Rechtsunsicherheit durch unbestimmte Formulierung

Der EuGH konkretisiert in seinem Urteil, wann die Ausübung einer Kaufoption als einzig wirtschaftlich rationale Möglichkeit für den Leasingnehmer gelten kann. Nämlich dann, wenn nach dem vereinbarten Optionsausübungszeitpunkt die Summe der vertraglichen Raten dem Verkehrswert des Gegenstands einschließlich der Finanzierungskosten entspricht. Überdies darf der Leasingnehmer wegen der Ausübung der Option nicht zusätzlich eine “erhebliche Summe” entrichten müssen.
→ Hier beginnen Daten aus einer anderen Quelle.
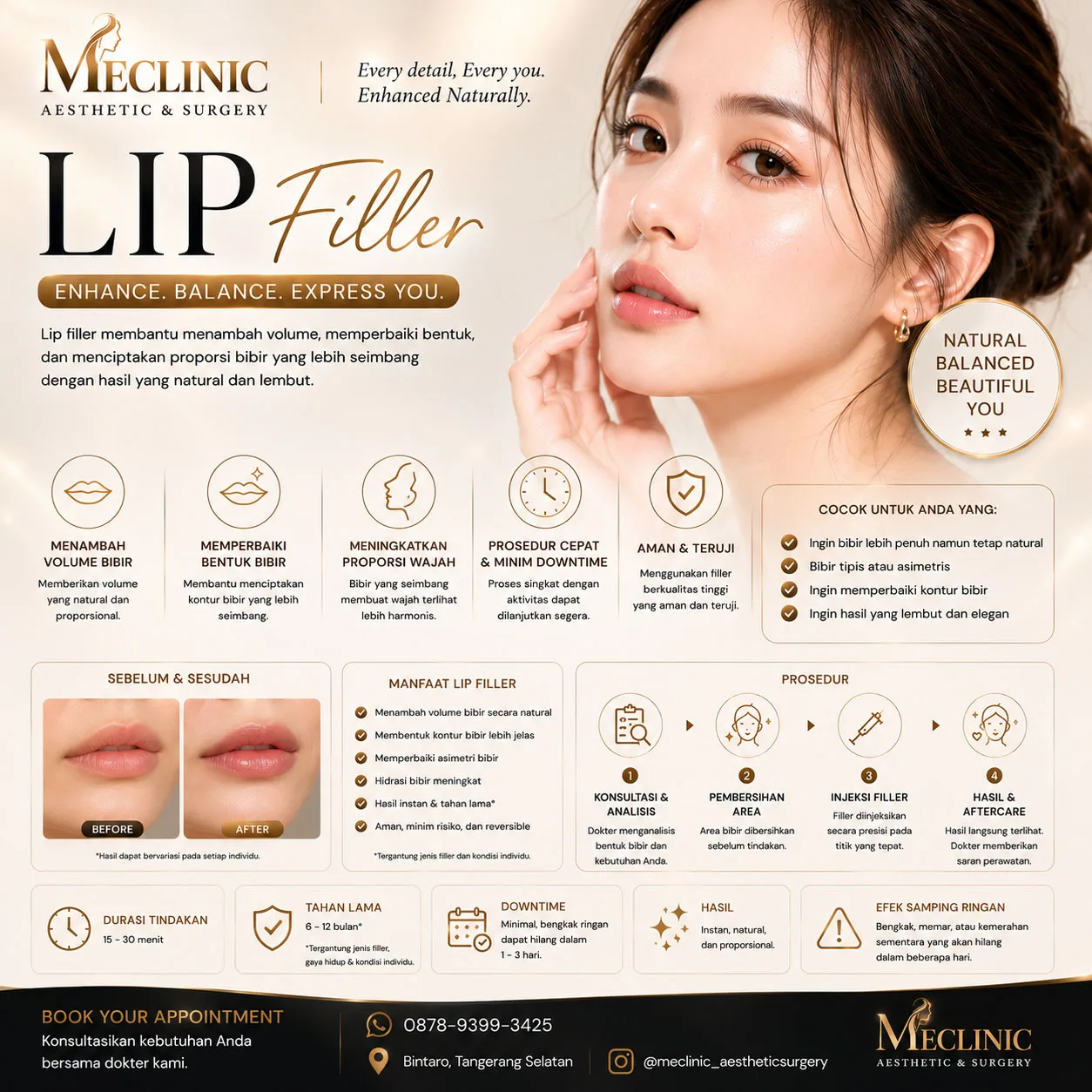 Lip Filler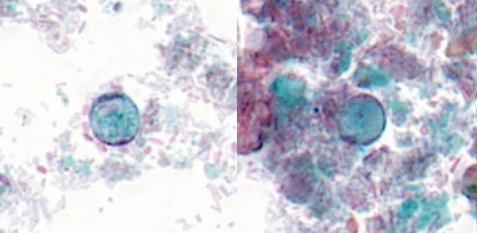 <p>Identify this organism</p>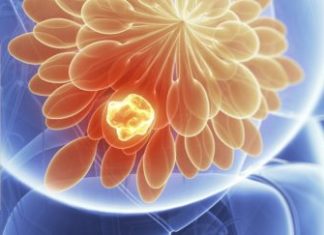 Dr. Nade Petanovska: Biopsia si detektori më i sigurt i kancerit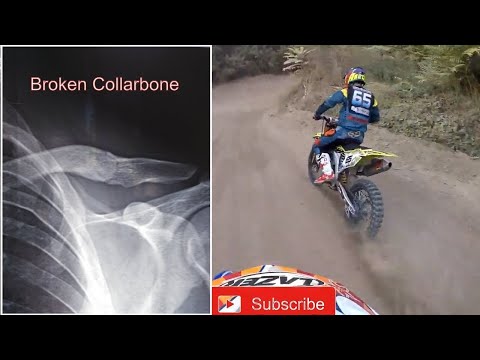 Motocross Race Crash and broken collarbone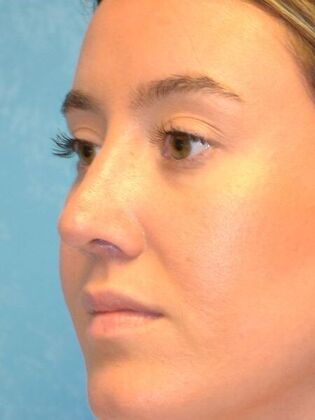 Rhinoplasty: Case 1723- Rossford, OH - After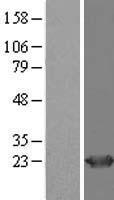 Western blot validation of overexpression lysate (Cat# LY414212) using anti-DDK antibody (Cat# TA50011-100). Left: Cell lysates from un-transfected HEK293T cells; Right: Cell lysates from HEK293T cells transfected with RC209808 using transfection reagent MegaTran 2.0 (Cat# TT210002).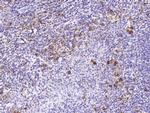 CD160 Polyclonal Antibody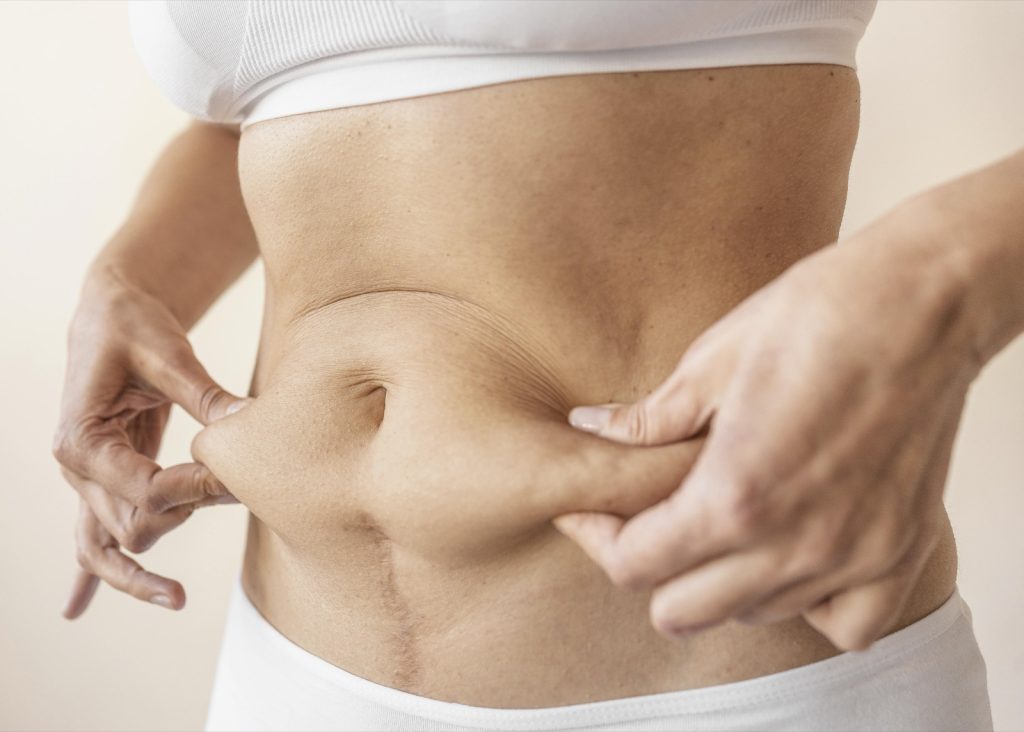 Mulher avaliando o abdômen, ilustrando sintomas de diástase abdominal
Wenngleich die Finanzverwaltung plant, dieses Beispiel zu übernehmen, bleibt unklar: Wann stellt der Optionspreis eine “erhebliche Summe” dar? Der DStV fordert daher weitergehende Präzisierungen.

Fragliche Grundsatzübertragung auf den Sonderfall Spezialleasing

Nach derzeitiger Planung kämen auch in Fällen des Spezialleasings die Grundsätze des EuGH-Urteils bei der Frage der umsatzsteuerlichen Einordnung zum Tragen.

Ein Übertrag auf solche Fälle ist aus Sicht des DStV nach dem EuGH-Urteil nicht zwingend. Er empfiehlt daher, in diesen Fällen den Gleichlauf zwischen ertrags- und umsatzsteuerlicher Beurteilung beizubehalten.

Es bleibt abzuwarten, inwieweit die Finanzverwaltung ihre geplanten Änderungen des Umsatzsteuer-Anwendungserlasses nochmals überarbeitet.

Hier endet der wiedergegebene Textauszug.